◆ **Records**:

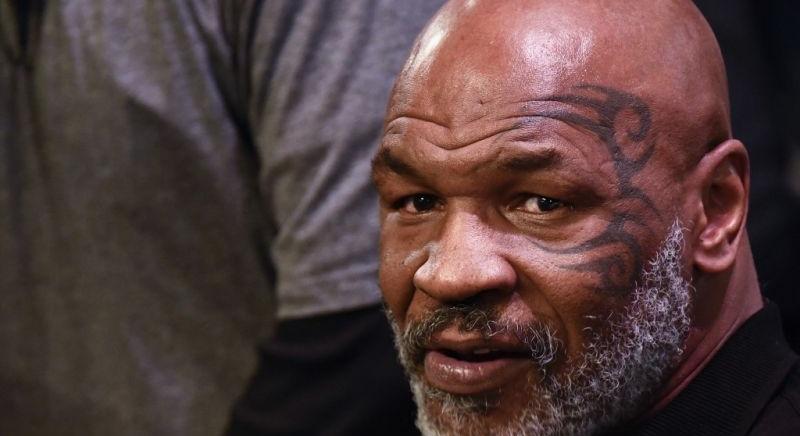Mike Tyson véresre verte egyik utastársát egy repülőn – Itt a videó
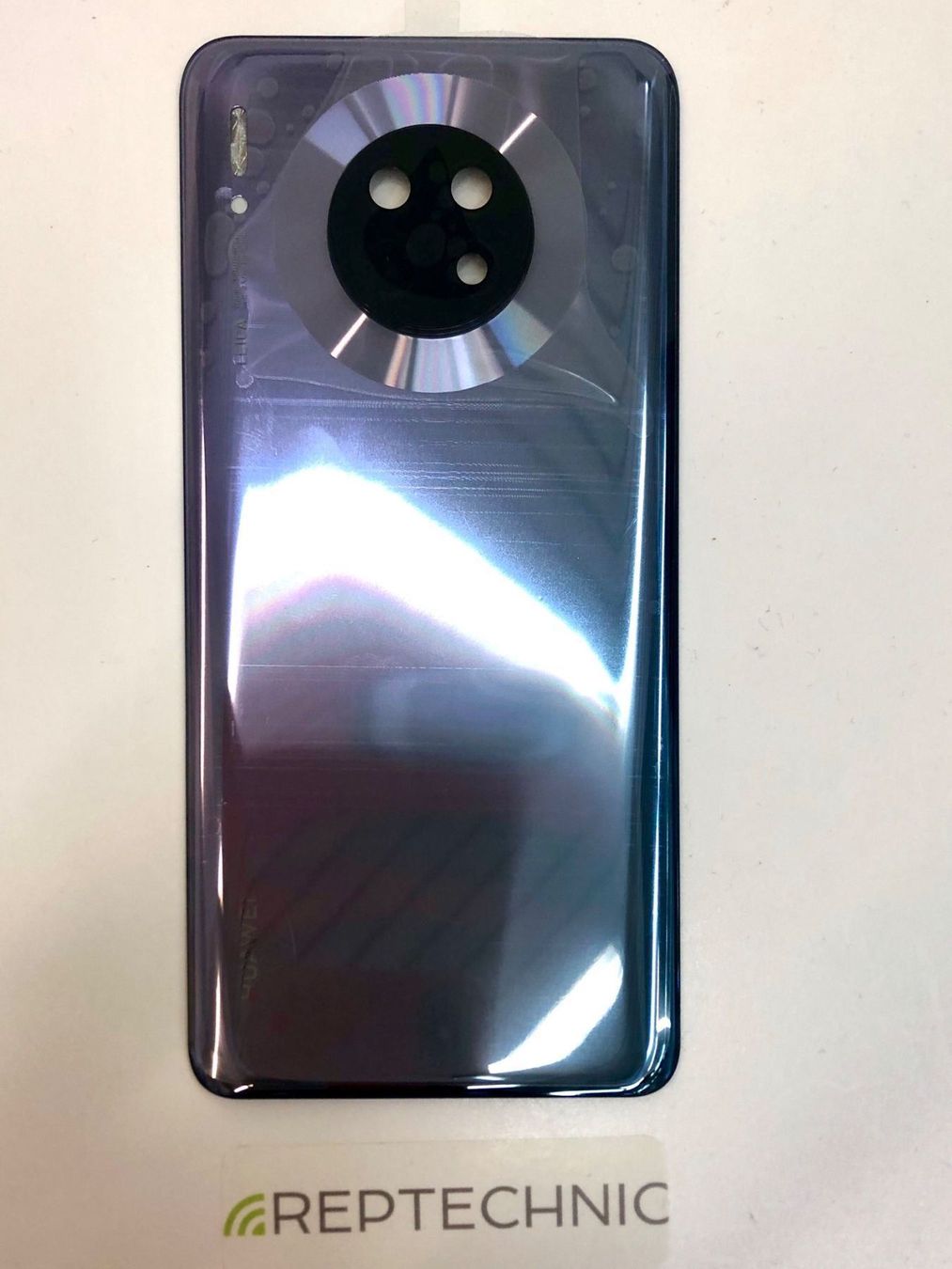 Huawei Telefoni cellulari / Smartphones: Huawei Mate 30 Akkudeckel Silber – Nuovo e nell'imballaggio originale da bern venduto da reptechnic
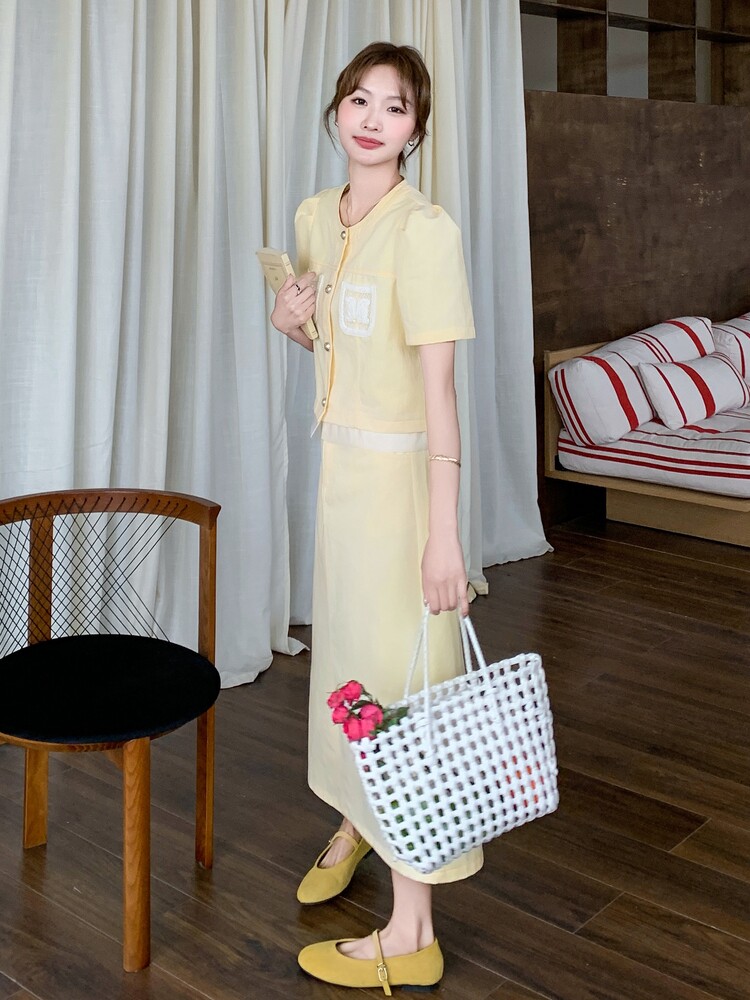减龄氛围感浅蓝色半身裙套装女夏2026新款独特漂亮ootd穿搭两件套,女装套装/套裙,霓裳依族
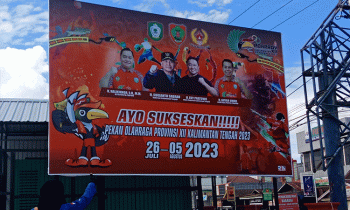 Banner Porprov Kalteng 2023 di depan Mal Pelayanan Publik Kotim.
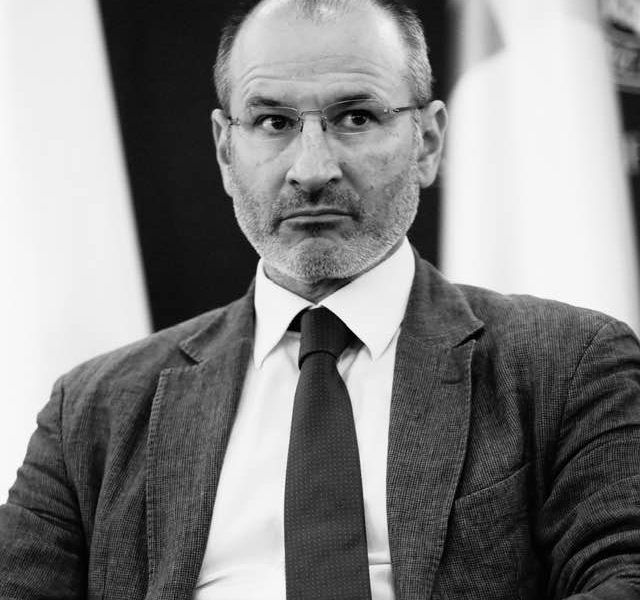 România organizează un zbor charter pentru repatrierea românilor din Qatar afectați de conflictul din Orientul Mijlociu În condițiile escaladării conflictului din Orientul Mijlociu, Ministerul de Externe al României face toate eforturile pentru a asigura evacuarea cetățenilor români aflați în pericol, în special din Qatar și din alte zone de crisi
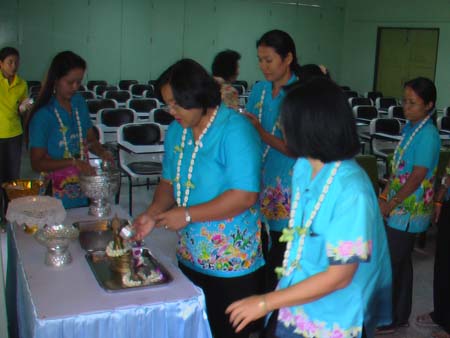 กิจกรรมสืบสานประเพณีสงกรานต์ คณะศึกษาศาสตร์ ปี 2550 ภาพที่ 83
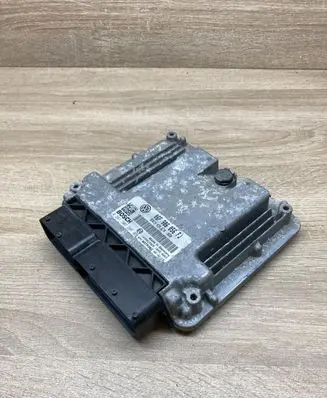 Seat Leon (1M) Engine control unit/module ECU 06F906056FJ 0261S02266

◆ **Prompt**: Reproduce exactly, and only, the lines from the one containing "减龄氛围感浅蓝色半身裙套装女" through the last line of the records above, both included, leaving out any pictures.

◆ **The answer**:
减龄氛围感浅蓝色半身裙套装女夏2026新款独特漂亮ootd穿搭两件套,女装套装/套裙,霓裳依族
 Banner Porprov Kalteng 2023 di depan Mal Pelayanan Publik Kotim.
 România organizează un zbor charter pentru repatrierea românilor din Qatar afectați de conflictul din Orientul Mijlociu În condițiile escaladării conflictului din Orientul Mijlociu, Ministerul de Externe al României face toate eforturile pentru a asigura evacuarea cetățenilor români aflați în pericol, în special din Qatar și din alte zone de crisi
 กิจกรรมสืบสานประเพณีสงกรานต์ คณะศึกษาศาสตร์ ปี 2550 ภาพที่ 83
 Seat Leon (1M) Engine control unit/module ECU 06F906056FJ 0261S02266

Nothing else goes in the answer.